Discovery of a Cushing's syndrome protein kinase A mutant that biases signaling through type I AKAPs

Abstract

Adrenal Cushing's syndrome is a disease of cortisol hypersecretion often caused by mutations in protein kinase A catalytic subunit (PKAc). Using a personalized medicine screening platform, we discovered a Cushing's driver mutation, PKAc-W196G, in ~20% of patient samples analyzed. Proximity proteomics and photokinetic imaging reveal that PKAc^W196G is unexpectedly distinct from other described Cushing's variants, exhibiting retained association with type I regulatory subunits (RI) and their corresponding A kinase anchoring proteins (AKAPs). Molecular dynamics simulations predict that substitution of tryptophan-196 with glycine creates a 653-cubic angstrom cleft between the catalytic core of PKAc^W196G and type II regulatory subunits (RII), but only a 395-cubic angstrom cleft with RI. Endocrine measurements show that overexpression of RIα or redistribution of PKAc^W196G via AKAP recruitment counteracts stress hormone overproduction. We conclude that a W196G mutation in the kinase catalytic core skews R subunit selectivity and biases AKAP association to drive Cushing's syndrome.

Fig. 1.. Discovery of adrenal Cushing’s syndrome mutation PKAc-W196G.

(A) Workflow for screening Cushing’s syndrome patient samples. (B) PRKACA sequencing traces (amino acids194 to 206) for normal tissue (top) and three patient tumors with PKAc missense mutations. (C) Quantitation of deep sequencing reads for the three patient tumors. Data represented as percentage from up to 300,000 reads. (D) Protein structure model detailing PKAc-W196G mutation. Glycine-196 (red) is indicated. Derived from Protein Data Bank file 6E99. (E) Immunoblot of ATC7L lysates after infection with RIIα and either wild-type (WT) PKAc (lane 1) or PKAc-W196G (lane 2). (F) ATC7L cell corticosterone measurements. Means ± SE; n = 4; **P ≤ 0.01, Student’s t test. (G) Immunoblot of H295R lysates after infection with RIIα and either WT PKAc (lane 1) or PKAc-W196G (lane 2). (H) H295R cell cortisol measurements. Means ± SE; n ≥ 5; **P ≤ 0.01, Student’s t test.
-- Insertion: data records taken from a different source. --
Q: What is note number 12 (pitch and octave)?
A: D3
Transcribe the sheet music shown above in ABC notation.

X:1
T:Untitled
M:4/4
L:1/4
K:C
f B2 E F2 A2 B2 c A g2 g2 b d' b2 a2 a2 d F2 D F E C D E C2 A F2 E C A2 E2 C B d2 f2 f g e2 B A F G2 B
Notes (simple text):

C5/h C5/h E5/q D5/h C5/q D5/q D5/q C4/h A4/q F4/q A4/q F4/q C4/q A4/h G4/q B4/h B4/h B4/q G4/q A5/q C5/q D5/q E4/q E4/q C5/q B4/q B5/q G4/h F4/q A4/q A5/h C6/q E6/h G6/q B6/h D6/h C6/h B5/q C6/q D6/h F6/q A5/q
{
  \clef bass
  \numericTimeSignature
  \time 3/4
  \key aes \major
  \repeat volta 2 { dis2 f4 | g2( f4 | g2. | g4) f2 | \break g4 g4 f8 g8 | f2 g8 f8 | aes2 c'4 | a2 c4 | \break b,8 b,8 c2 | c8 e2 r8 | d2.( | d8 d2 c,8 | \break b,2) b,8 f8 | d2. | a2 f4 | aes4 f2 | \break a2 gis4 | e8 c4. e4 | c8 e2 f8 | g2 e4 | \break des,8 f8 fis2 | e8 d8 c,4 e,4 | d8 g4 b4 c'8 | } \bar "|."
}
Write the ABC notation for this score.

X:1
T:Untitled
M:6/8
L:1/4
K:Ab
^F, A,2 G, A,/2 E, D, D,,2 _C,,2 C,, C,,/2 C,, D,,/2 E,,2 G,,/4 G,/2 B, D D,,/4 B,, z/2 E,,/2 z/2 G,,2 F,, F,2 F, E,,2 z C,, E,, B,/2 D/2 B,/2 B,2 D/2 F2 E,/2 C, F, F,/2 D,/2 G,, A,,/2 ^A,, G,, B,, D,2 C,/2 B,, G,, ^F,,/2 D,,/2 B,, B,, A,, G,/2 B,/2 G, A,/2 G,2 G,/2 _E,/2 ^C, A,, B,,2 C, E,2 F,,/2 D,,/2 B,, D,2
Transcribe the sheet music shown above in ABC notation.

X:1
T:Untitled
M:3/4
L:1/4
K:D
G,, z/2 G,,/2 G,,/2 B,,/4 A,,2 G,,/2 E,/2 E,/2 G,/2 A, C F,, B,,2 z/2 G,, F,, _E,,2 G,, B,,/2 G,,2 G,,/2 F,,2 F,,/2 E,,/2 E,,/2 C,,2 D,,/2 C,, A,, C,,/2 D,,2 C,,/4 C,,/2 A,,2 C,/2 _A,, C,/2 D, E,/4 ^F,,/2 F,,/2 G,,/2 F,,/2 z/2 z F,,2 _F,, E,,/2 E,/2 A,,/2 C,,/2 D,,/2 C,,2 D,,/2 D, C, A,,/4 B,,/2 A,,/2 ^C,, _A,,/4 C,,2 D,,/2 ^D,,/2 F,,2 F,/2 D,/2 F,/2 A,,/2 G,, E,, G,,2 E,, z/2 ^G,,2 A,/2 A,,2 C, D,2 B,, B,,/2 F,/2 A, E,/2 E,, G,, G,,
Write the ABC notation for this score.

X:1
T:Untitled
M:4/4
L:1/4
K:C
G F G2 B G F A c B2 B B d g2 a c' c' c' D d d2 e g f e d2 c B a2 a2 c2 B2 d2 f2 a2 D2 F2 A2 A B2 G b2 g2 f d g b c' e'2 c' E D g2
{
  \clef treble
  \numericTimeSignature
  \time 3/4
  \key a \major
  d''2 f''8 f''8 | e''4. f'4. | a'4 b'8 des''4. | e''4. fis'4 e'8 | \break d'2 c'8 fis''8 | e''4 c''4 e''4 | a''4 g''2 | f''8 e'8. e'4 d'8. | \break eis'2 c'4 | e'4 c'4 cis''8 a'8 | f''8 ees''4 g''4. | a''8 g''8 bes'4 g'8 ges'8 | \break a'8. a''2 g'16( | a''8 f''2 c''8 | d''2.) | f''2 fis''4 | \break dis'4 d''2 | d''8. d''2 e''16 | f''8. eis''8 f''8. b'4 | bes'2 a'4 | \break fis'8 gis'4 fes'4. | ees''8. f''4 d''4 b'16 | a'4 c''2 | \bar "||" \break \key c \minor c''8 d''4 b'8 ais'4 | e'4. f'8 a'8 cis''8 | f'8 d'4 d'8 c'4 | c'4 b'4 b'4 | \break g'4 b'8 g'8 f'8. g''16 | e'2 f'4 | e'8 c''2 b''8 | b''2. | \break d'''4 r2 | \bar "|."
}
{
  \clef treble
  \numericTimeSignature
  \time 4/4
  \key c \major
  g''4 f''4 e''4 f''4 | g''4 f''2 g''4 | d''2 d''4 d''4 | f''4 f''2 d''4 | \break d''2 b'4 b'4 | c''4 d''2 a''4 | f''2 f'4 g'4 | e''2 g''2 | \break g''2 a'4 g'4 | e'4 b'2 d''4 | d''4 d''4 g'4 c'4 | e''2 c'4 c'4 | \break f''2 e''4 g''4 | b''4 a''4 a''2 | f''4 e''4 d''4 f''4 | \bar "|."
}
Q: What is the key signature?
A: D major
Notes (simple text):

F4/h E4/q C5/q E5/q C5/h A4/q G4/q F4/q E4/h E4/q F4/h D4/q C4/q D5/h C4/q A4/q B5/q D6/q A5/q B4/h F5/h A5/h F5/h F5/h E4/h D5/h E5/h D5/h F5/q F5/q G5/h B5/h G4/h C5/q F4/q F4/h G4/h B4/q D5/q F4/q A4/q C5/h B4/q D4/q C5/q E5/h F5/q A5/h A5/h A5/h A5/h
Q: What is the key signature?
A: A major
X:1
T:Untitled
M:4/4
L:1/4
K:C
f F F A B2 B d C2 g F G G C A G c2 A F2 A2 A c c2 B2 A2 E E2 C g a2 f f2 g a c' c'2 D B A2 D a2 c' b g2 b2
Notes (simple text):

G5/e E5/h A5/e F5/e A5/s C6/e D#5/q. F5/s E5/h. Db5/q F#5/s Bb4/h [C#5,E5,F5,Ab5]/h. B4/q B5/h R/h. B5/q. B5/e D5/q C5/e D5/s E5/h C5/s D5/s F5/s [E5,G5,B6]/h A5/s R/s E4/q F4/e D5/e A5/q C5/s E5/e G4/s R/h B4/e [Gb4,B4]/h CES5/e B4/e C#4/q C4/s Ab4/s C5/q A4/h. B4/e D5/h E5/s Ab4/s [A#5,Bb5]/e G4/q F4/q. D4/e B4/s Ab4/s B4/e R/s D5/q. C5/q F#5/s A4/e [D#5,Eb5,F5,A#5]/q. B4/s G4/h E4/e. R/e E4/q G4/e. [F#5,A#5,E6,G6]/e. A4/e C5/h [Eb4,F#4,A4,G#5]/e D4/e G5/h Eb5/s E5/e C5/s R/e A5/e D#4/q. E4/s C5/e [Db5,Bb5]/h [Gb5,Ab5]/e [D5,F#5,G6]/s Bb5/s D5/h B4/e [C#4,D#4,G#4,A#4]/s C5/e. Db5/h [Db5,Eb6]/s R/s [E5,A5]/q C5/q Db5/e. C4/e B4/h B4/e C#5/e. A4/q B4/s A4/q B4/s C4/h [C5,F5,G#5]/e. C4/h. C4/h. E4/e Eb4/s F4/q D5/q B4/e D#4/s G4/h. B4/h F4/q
Fig. 2.. Patient tissue analyses reveal a distinct subcellular distribution of PKAc^W196G.

(A to C) Patient adrenal tissue and Cushing’s adenomas stained for PKAc (magenta) and nuclei [4′,6-diamidino-2-phenylindole (DAPI), cyan]; patient G adjacent non-tumor (A), patient G tumor (B), and patient H tumor (C). Scale bars, 30 μm. (D and E) High magnification of patient tumors stained for PKAc (white) and nuclei (DAPI, blue); patient G (D), and patient H (E). Yellow dashed line represents measurements depicted in (F) and (G). Scale bars, 10 μm. (F and G) Line plot quantification of PKAc subcellular distribution. Example trace of PKAc (black) and DAPI (blue) signals versus distance. Nuclear bounds are indicated (pale blue shading); patient G, PKAc^W196G (F); patient H, PKAc^L205R (G). (H) Quantitation of PKAc intensity measurements, nuclear/cytosolic. Means ± SD; n ≥ 18; ****P ≤ 0.0001, Student’s t test. AU, arbitrary units. (I) Immunoprecipitation of PKI from human embryonic kidney (HEK) 293T cells expressing PKIα-HA along with V5-tagged PKAc variants: WT PKAc (lane 1), PKAc-W196G (lane 2), PKAc-W196R (lane 3), and PKAc-L205R (lane 4). Representative of three experimental replicates. (J) Inhibition of PKAc activity toward Kemptide peptide substrate relative to buffer controls for each variant upon increasing concentrations of PKI. Means ± SE; n = 3. (K) Thermostability measurements for each PKAc variant ± PKI. Experiments conducted in the presence and absence of Mg²⁺ adenosine 5′-triphosphate (ATP). Means ± SE; n = 3.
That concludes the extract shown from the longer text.